La via prende il nome dalla chiesa di S.Ambrogio de Maxima (nella foto sopra), edificata, secondo la tradizione, sulle rovine della casa paterna del vescovo patrono di Milano. Una conferma alla tradizione sembra derivare dal “Liber Pontificalis” che la indica come “monasterium S.Mariae quod appellatur Ambrosii“, mentre il Catalogo di Torino la chiama “monasterium S.Mariae de Maxima“. La chiesa ebbe anche altri appellativi: nel secolo XIV era denominata “S.Stefano de Maxima“, poi fu detta anche “S.Maria in Formosa” e nel Catalogo di Pio IV “S.Antonio della Massima“. Sembra ormai opinione comune che il toponimo “de Maxima” sia da mettere in relazione alla Cloaca Maxima, ma la non breve distanza di quest’ultima dalla chiesa lascia più di qualche dubbio sull’esattezza dell’attribuzione. Appare invece più probabile che il toponimo “Maxima” possa derivare dalla “Porticus Maximae“, la lunga strada porticata che ricopriva la “via Tecta” (in latino “tecta” significa “coperta”), con un percorso ripetuto grosso modo dalle odierne vie del Portico di Ottavia, di S.Maria del Pianto, dei Giubbonari, dei Cappellari, dei Banchi Vecchi e del Banco di S.Spirito, collegando il Teatro di Marcello con il “ponte Elio“: rimasta in uso durante tutto il Medioevo, la strada, nel suo tratto iniziale, transitava quindi nelle immediate vicinanze della chiesa.

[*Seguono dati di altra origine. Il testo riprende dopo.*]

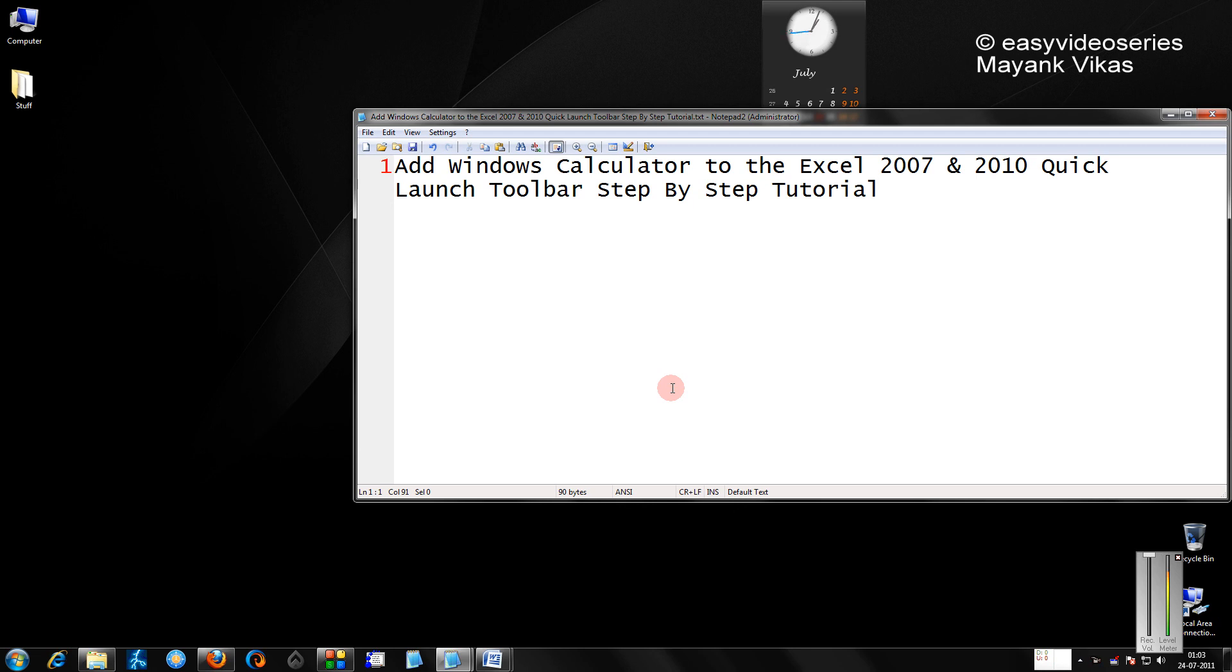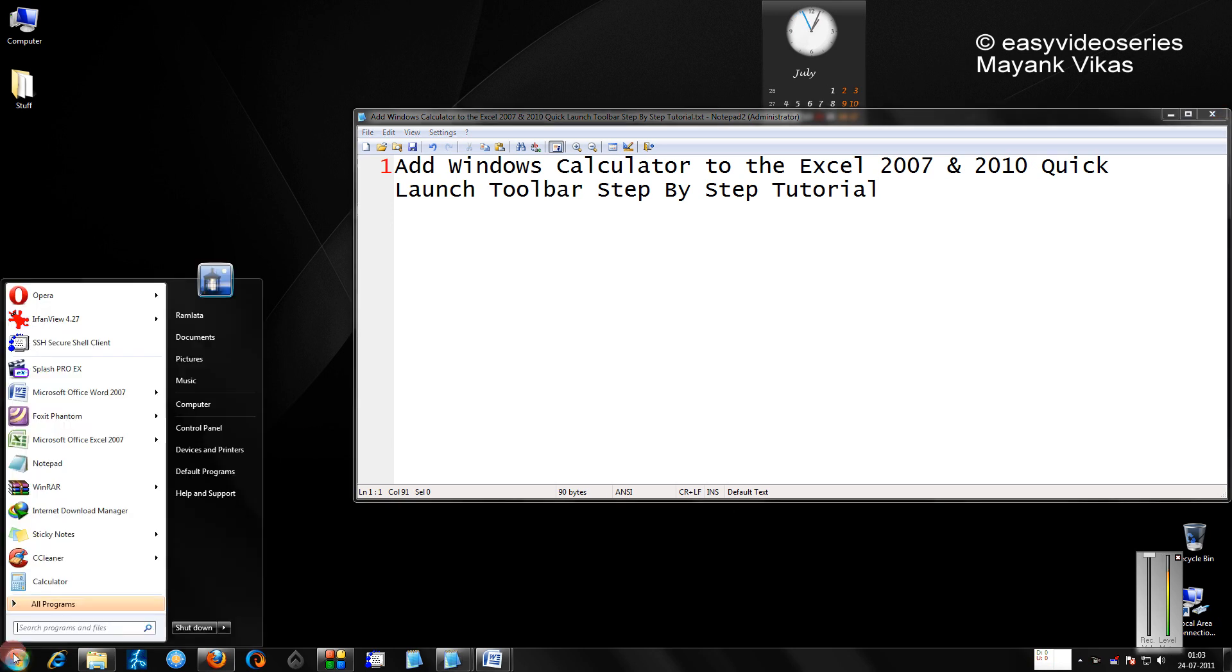In this tutorial, I am going to explain to you how to add Windows Calculator to Excel 2007 and 2010 Quick Launch Toolbar. It's a very small utility, but sometimes it might be useful to some people.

Al civico 3 della via è situato il portale del convento (nella foto 1) sopra il quale vi è la scritta “PATERNA S.AMBROSII DOMUS“, ovvero “Casa paterna di S.Ambrogio”, che non può essere una conferma della veridicità della tradizione perché la targa fu apposta dai Benedettini soltanto nel 1861. Una conferma invece potrebbe derivare da un’altra tradizione secondo la quale nel 313 papa Liberio avrebbe qui consacrato monaca la sorella di S.Ambrogio, S.Marcellina, la quale in seguito avrebbe officiato la chiesa insieme ad una sua comunità religiosa. Successivamente la chiesa fu affidata alle Benedettine che vi dimorarono fino al 1860, anno in cui furono espulse per ordine della Santa Sede perché decretavano illecitamente il culto ad una loro consorella, tale Agnese Firrao, ritenuta una mistificatrice: da allora chiesa e convento furono affidati ai Benedettini di Subiaco.
Nel XVII secolo la chiesa fu ricostruita a croce latina ed a navata unica dalla nobildonna Olympia de Torres (come risulta sull’epigrafe che possiamo ammirare nella foto 2) e da suo fratello, il cardinale Ludovico, lavori ai quali sembra abbiano partecipato anche artisti di alto livello come Orazio Torriani, Giovan Battista Mola e Carlo Maderno.
Un primo ingresso è situato al civico 5 della via (nella foto 3), inquadrato dalla bellissima cornice marmorea e dall’epigrafe che ricorda i lavori di ricostruzione sopra menzionati: “MONIALES HUIUS ECCLESIAE B VIRGINI MARIAE AC S.AMBROSIO DE MAXIMA DICATAE ORDINIS S.BENEDICTI LIBERALITATE OLYMPIAE DE TORRES ABBATISSAE EREXERUNT AN DOM MDCXXII“, ovvero “Le monache di questa chiesa della Beata Vergine Maria, detta di S.Ambrogio de Maxima, per l’ordine di S.Benedetto (e) per generosità della badessa Olympia de Torres, eressero nell’Anno del Signore 1622”. Varcato l’ingresso troviamo un secondo cancello in ferro (parzialmente visibile nella foto sotto il titolo) che immette in un cortile sul quale prospetta la facciata della chiesa ed una fontana a parete, costituita da due piccole nicchie laterali ed una più grande centrale, raffigurata con elementi rocciosi a mo’ di grotta, sopra la quale vi è collocata una statua acefala (senza testa) raffigurante una Madonna, adorna ai lati di un motivo a nastro con cascata di fiori. Molto bella la vasca, costituita da un sarcofago che presenta alle estremità due leoni in rilievo.